Excerpts from a dataset
|---|

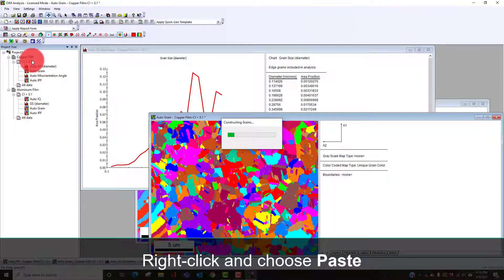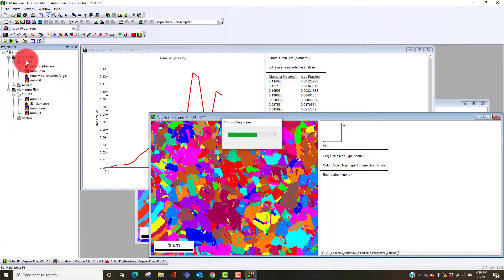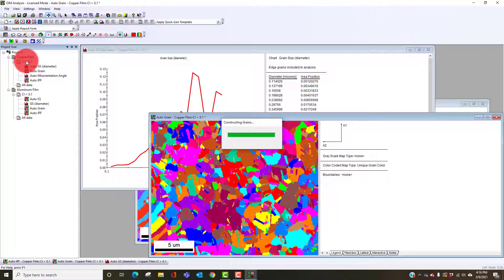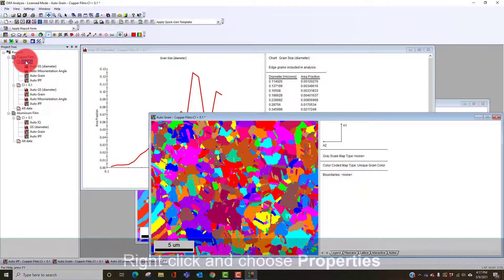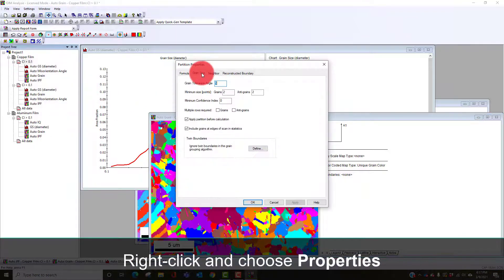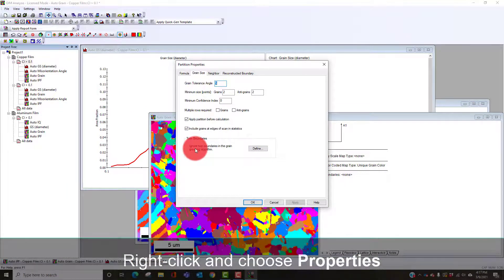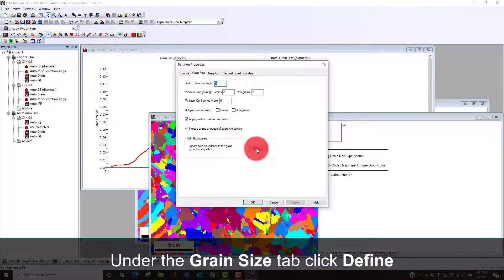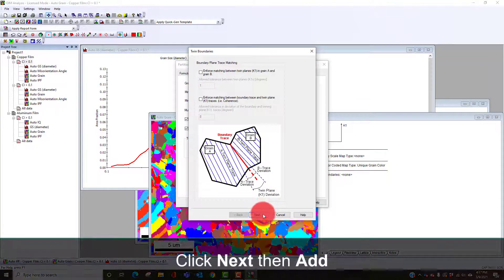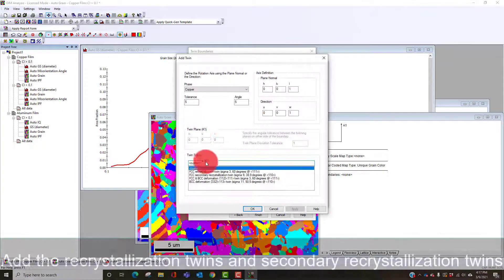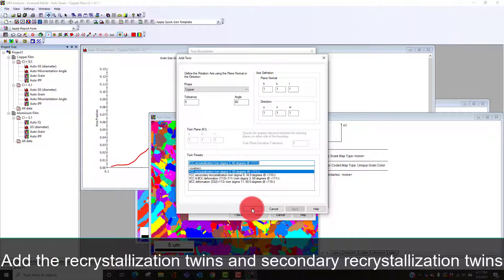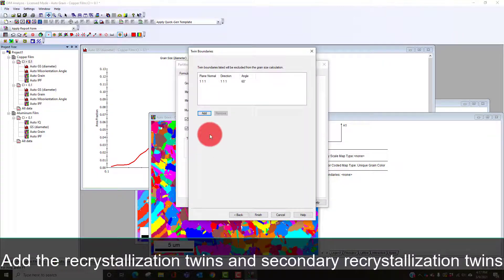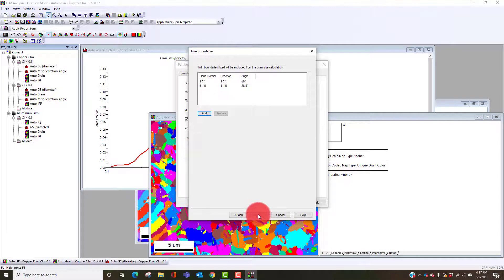Now if I want to remove the twins from this I can copy and paste my partition definition. Then what I'm going to do is adjust my definition. I'm going to go in here and say properties and grain size. There's an algorithm that says ignore twin boundaries from the grain grouping algorithm. I'm just going to select our recrystallization twins and I'll add our secondary recrystallization twins for copper.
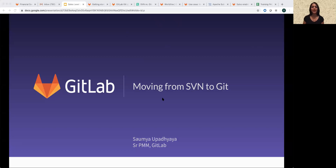Hi, my name is Soumya Upadhyaya and I'm part of the product marketing team at GitLab. Today we're going to talk about moving from SVN to Git.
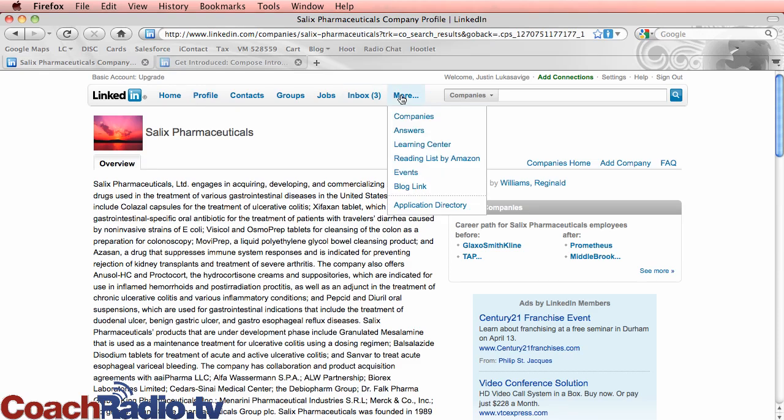So this is LinkedIn. Again, this is under more and companies, and there's just an amazing amount of things that you can do with it. Go back to coachradio.tv and search through the blog for all of the rest of the social media tutorials that I've done. They're all free and tune into the radio show on Wednesday at 4 p.m. Eastern. I'm Justin Lucas Savage at coachradio.tv.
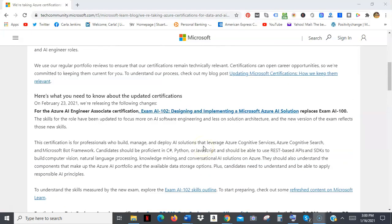So I do want to put that out there that an all new AI engineering will be out. And for more information about this, go to techcommunity.microsoft.com.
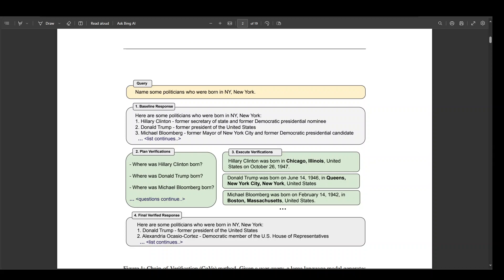Now if you look at this example given on your screen, what is happening here is that given a user query, a large language model generates a baseline response that may contain inaccuracies, or in other words, factual hallucinations. The researchers have shown a query here which failed for ChatGPT.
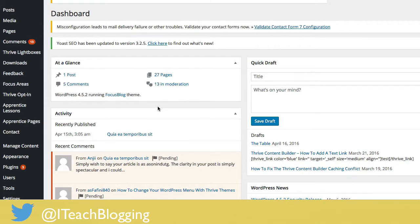Hi, this is Renee from iteachblogging.com and in today's video I'm going to show you how to change the colors of your text and a few other features on your Thrive theme. In particular I'm running a Thrive Focus theme here and I'm just going to show you how to change colors in a couple of different ways. There are two places I'm going to take you, so let's dive in.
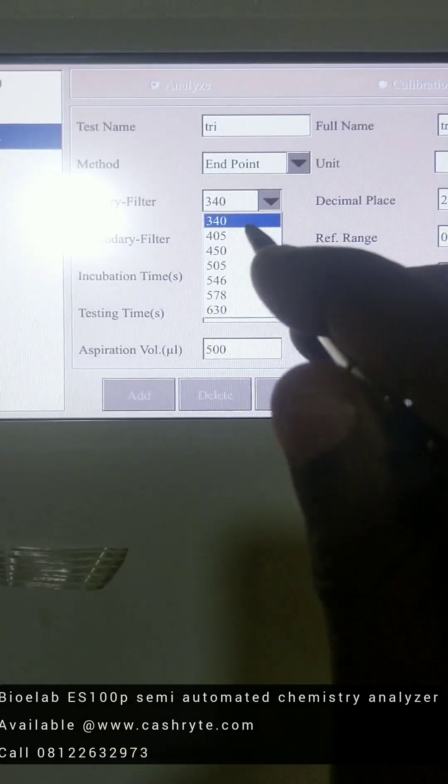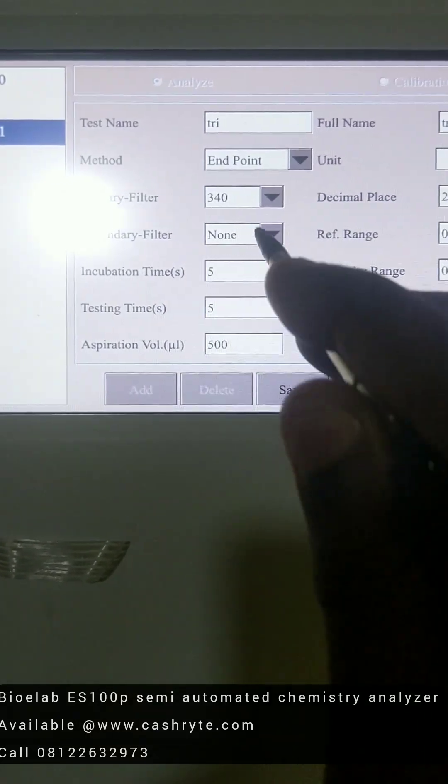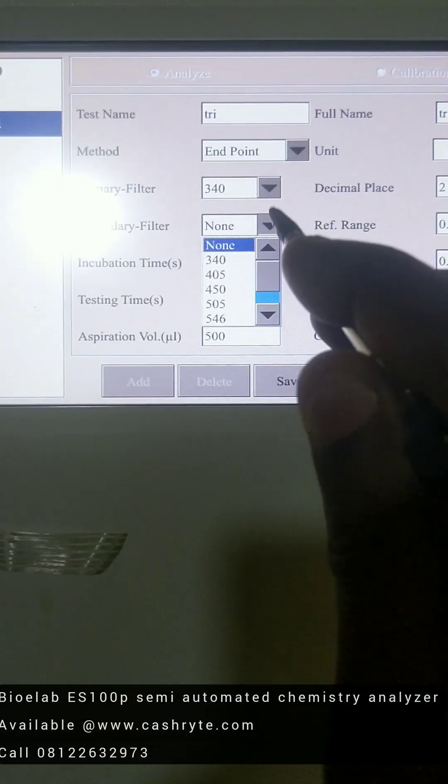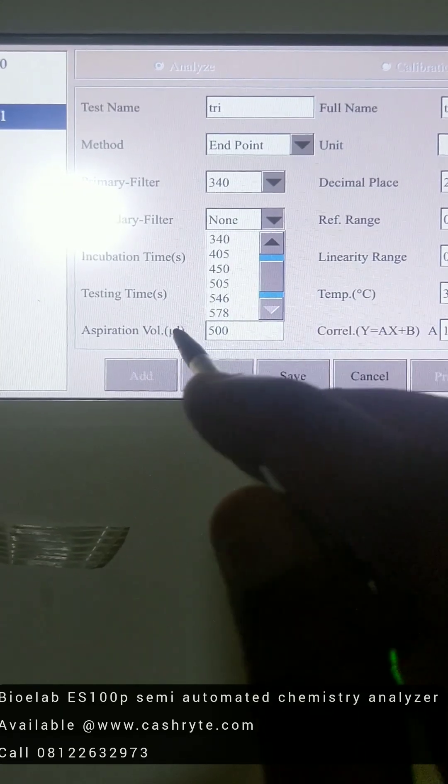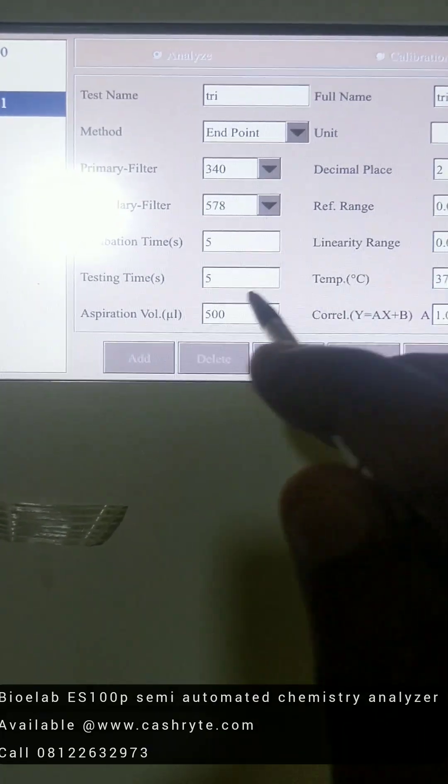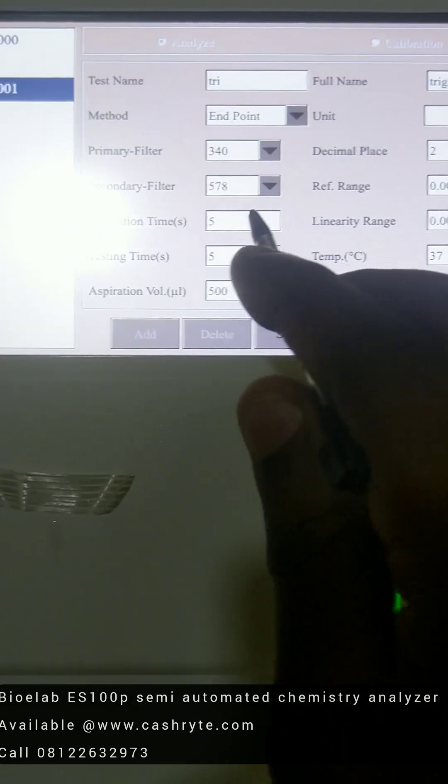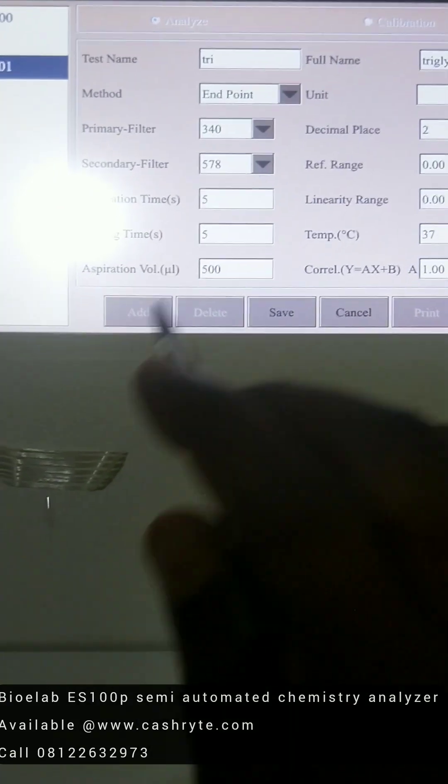Then you set your wavelength. This is the primary wavelength. Then secondary wavelength, depending on what the manual says. Then you choose your incubation time, then you choose your testing time.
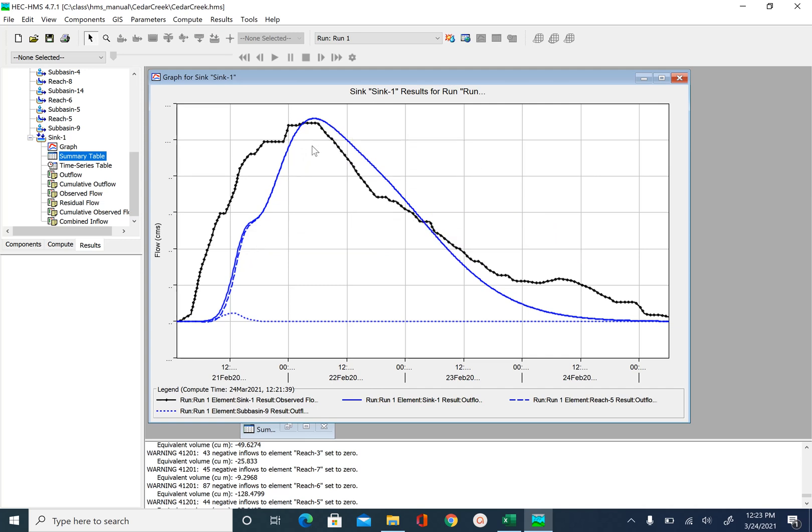but you are welcome to play with the parameter values and figure it out by yourself. So this is it for this unit.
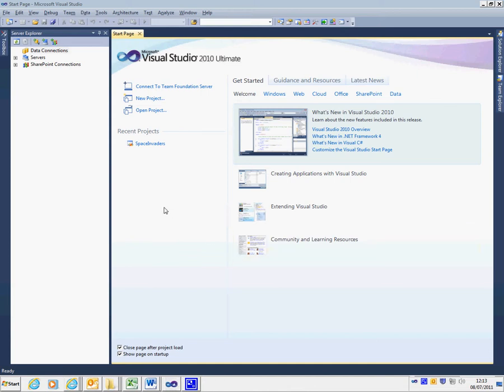In this video I'm going to show you how to create a new Windows project in Visual Studio 2010 Ultimate Edition.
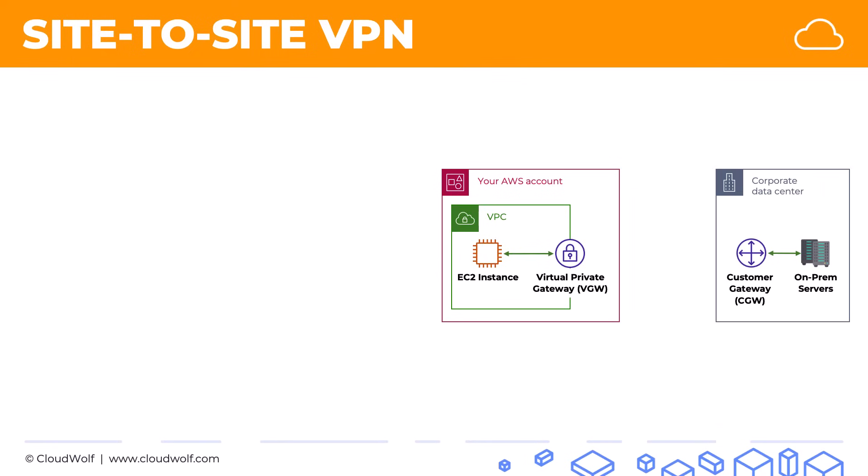But actually, and this is important to remember, the CGW, the customer gateway, is actually a configuration inside your AWS account. So that configuration also happens inside your AWS account. It just points to a VPN device that's residing in your corporate data center.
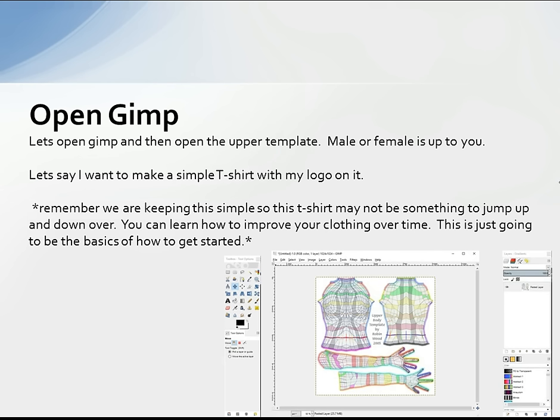I'm going to use a t-shirt with a logo on it as an example so you can get an idea of how clothing is made if you've never done it before. It's very simple. I'm not going to go into all the wrinkles and texture qualities — just the simple basics to get you started. If you already know how to do this part, this is probably not the right tutorial for you.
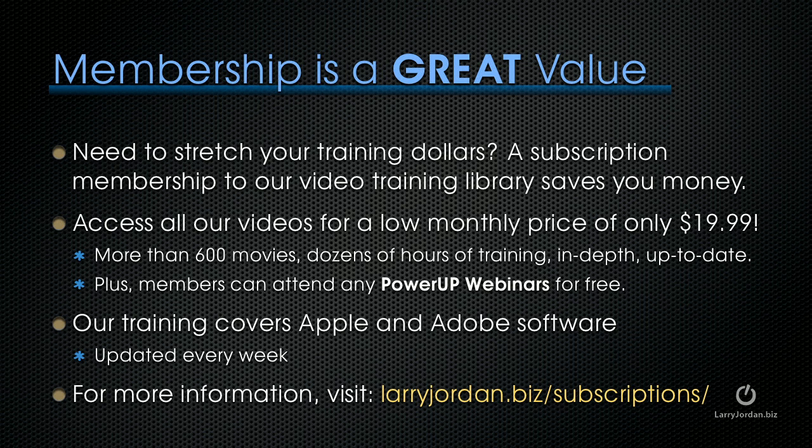Plus, members can attend any of our power-up webinars for free. Our training covers both Apple and Adobe software. We update it every week. And for more information, visit LarryJordan.biz slash subscriptions. Thanks.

|---|

## Problem to solve
When you copy the entries, keep every word exactly as it stands and drop any pictures.

## Result of this task
Now if I want to remove the twins from this I can copy and paste my partition definition. Then what I'm going to do is adjust my definition. I'm going to go in here and say properties and grain size. There's an algorithm that says ignore twin boundaries from the grain grouping algorithm. I'm just going to select our recrystallization twins and I'll add our secondary recrystallization twins for copper.
Hi, my name is Soumya Upadhyaya and I'm part of the product marketing team at GitLab. Today we're going to talk about moving from SVN to Git.
So this is LinkedIn. Again, this is under more and companies, and there's just an amazing amount of things that you can do with it. Go back to coachradio.tv and search through the blog for all of the rest of the social media tutorials that I've done. They're all free and tune into the radio show on Wednesday at 4 p.m. Eastern. I'm Justin Lucas Savage at coachradio.tv.
So I do want to put that out there that an all new AI engineering will be out. And for more information about this, go to techcommunity.microsoft.com.
Now if you look at this example given on your screen, what is happening here is that given a user query, a large language model generates a baseline response that may contain inaccuracies, or in other words, factual hallucinations. The researchers have shown a query here which failed for ChatGPT.
Hi, this is Renee from iteachblogging.com and in today's video I'm going to show you how to change the colors of your text and a few other features on your Thrive theme. In particular I'm running a Thrive Focus theme here and I'm just going to show you how to change colors in a couple of different ways. There are two places I'm going to take you, so let's dive in.
Then you set your wavelength. This is the primary wavelength. Then secondary wavelength, depending on what the manual says. Then you choose your incubation time, then you choose your testing time.
but you are welcome to play with the parameter values and figure it out by yourself. So this is it for this unit.
In this video I'm going to show you how to create a new Windows project in Visual Studio 2010 Ultimate Edition.
But actually, and this is important to remember, the CGW, the customer gateway, is actually a configuration inside your AWS account. So that configuration also happens inside your AWS account. It just points to a VPN device that's residing in your corporate data center.
I'm going to use a t-shirt with a logo on it as an example so you can get an idea of how clothing is made if you've never done it before. It's very simple. I'm not going to go into all the wrinkles and texture qualities — just the simple basics to get you started. If you already know how to do this part, this is probably not the right tutorial for you.
Plus, members can attend any of our power-up webinars for free. Our training covers both Apple and Adobe software. We update it every week. And for more information, visit LarryJordan.biz slash subscriptions. Thanks.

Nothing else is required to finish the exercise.